From mboxrd@z Thu Jan  1 00:00:00 1970
Return-Path: <linux-kernel-owner@vger.kernel.org>
Received: (majordomo@vger.kernel.org) by vger.kernel.org via listexpand
	id S1754675Ab2LRKHM (ORCPT <rfc822;w@1wt.eu>);
	Tue, 18 Dec 2012 05:07:12 -0500
Received: from mail-lb0-f178.google.com ([209.85.217.178]:49608 "EHLO
	mail-lb0-f178.google.com" rhost-flags-OK-OK-OK-OK) by vger.kernel.org
	with ESMTP id S1754377Ab2LRKHK (ORCPT
	<rfc822;linux-kernel@vger.kernel.org>);
	Tue, 18 Dec 2012 05:07:10 -0500
X-Greylist: delayed 1133 seconds by postgrey-1.27 at vger.kernel.org; Tue, 18 Dec 2012 05:07:09 EST
Message-ID: <50D039FF.5090006@openvz.org>
Date: Tue, 18 Dec 2012 13:40:15 +0400
From: Konstantin Khlebnikov <khlebnikov@openvz.org>
User-Agent: Mozilla/5.0 (X11; Linux x86_64; rv:10.0.11) Gecko/20121123 Firefox/10.0.11 Iceape/2.7.11
MIME-Version: 1.0
To: Hugh Dickins <hughd@google.com>
CC: linux-kernel@vger.kernel.org, Andrew Morton <akpm@linux-foundation.org>,
        Andi Kleen <andi@firstfloor.org>
Subject: Re: [PATCH] mm/swap: abort swapoff after disk error
References: <20121214110110.8181.70783.stgit@zurg> <alpine.LNX.2.00.1212171953070.5927@eggly.anvils>
In-Reply-To: <alpine.LNX.2.00.1212171953070.5927@eggly.anvils>
Content-Type: text/plain; charset=ISO-8859-1; format=flowed
Content-Transfer-Encoding: 7bit
Sender: linux-kernel-owner@vger.kernel.org
List-ID: <linux-kernel.vger.kernel.org>
X-Mailing-List: linux-kernel@vger.kernel.org

Hugh Dickins wrote:
> On Fri, 14 Dec 2012, Konstantin Khlebnikov wrote:
>
>> Content of non-uptodate pages completely random, we cannot expose them into
>> userspace.
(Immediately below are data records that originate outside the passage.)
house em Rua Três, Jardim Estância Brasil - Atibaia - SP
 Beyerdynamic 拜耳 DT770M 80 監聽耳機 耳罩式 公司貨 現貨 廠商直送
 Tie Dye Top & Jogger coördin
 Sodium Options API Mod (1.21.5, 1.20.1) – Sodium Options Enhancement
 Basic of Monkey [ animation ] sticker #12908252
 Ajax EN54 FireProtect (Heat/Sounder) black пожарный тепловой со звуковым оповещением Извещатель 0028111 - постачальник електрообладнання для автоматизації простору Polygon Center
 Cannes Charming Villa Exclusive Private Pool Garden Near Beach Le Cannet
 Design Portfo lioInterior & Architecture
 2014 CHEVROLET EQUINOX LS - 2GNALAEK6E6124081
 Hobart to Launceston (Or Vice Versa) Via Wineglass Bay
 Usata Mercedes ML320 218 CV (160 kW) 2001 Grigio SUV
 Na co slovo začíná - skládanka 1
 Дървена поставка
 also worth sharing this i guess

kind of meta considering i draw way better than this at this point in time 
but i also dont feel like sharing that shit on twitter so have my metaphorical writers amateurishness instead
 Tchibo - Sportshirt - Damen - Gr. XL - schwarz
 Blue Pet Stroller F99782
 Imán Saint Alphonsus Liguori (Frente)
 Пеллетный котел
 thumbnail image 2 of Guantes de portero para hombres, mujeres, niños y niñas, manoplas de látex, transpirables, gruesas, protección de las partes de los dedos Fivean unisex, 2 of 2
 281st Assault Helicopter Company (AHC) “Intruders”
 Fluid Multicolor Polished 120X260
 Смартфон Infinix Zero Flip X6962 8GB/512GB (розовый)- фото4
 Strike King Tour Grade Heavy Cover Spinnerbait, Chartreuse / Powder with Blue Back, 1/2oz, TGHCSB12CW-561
This leads to information leak and will crash userspace for sure.
>
> Good find, yes, it's very wrong as is.  But, sorry, I don't like your fix
> - better than ignoring the issue as at present, but not the right answer.
>
>> Probably we can reuse hwpoison entries here, but tmpfs already too complex.
>
> HWpoison entries?  They're for when that page of RAM is bad, but this is
> quite a different case: the page is fine and can perfectly well be freed
> and reused - what's bad is the data currently in it.
>
>>
>> Signed-off-by: Konstantin Khlebnikov<khlebnikov@openvz.org>
>> Original-patch-by: Alexey Kuznetsov<kuznet@ms2.inr.ac.ru>
>> Cc: Andrew Morton<akpm@linux-foundation.org>
>> Cc: Hugh Dickins<hughd@google.com>
>> Cc: Andi Kleen<andi@firstfloor.org>
>> ---
>>   mm/swapfile.c |   16 ++++++++++++++++
>>   1 file changed, 16 insertions(+)
>>
>> diff --git a/mm/swapfile.c b/mm/swapfile.c
>> index e97a0e5..98fc2fd 100644
>> --- a/mm/swapfile.c
>> +++ b/mm/swapfile.c
>> @@ -1127,6 +1127,22 @@ int try_to_unuse(unsigned int type, bool frontswap,
>>   		wait_on_page_writeback(page);
>>
>>   		/*
>> +		 * If read failed we cannot map not-uptodate page to
>> +		 * user space. Actually, we are in serious troubles,
>> +		 * we do not even know what process to kill. So, the only
>
> try_to_unuse() is all about locating exactly where this page belongs;
> and if the user is lucky, the page in question won't even be needed again
> before the process exits, so nothing should be killed at this point.
>
>
>> +		 * variant remains: to stop swapoff() and allow someone
>> +		 * to kill processes to zap invalid pages.
>
> No, we should not abort swapoff: there's every reason to continue,
> to make sure that this unreliable area can be taken out of service.
>
>> +		 *
>> +		 * TODO replace page with hwpoison entry in pte and shmem.
>
> Instead of blindly going ahead and inserting ptes pointing to the
> !PageUptodate page, unuse_pte() and shmem_unuse_inode() should insert
> a substitute bad swapentry, to generate SIGBUS if it's accessed.
>
> swp_entry(1, 0) might serve, but there's probably a few mods needed
> here and there; and getting the details right (e.g. memcg charges)
> will need care.
>
> Not as straightforward as your block below, I admit.  I wonder if you
> posted that just to stir me to do better: or can you take it further?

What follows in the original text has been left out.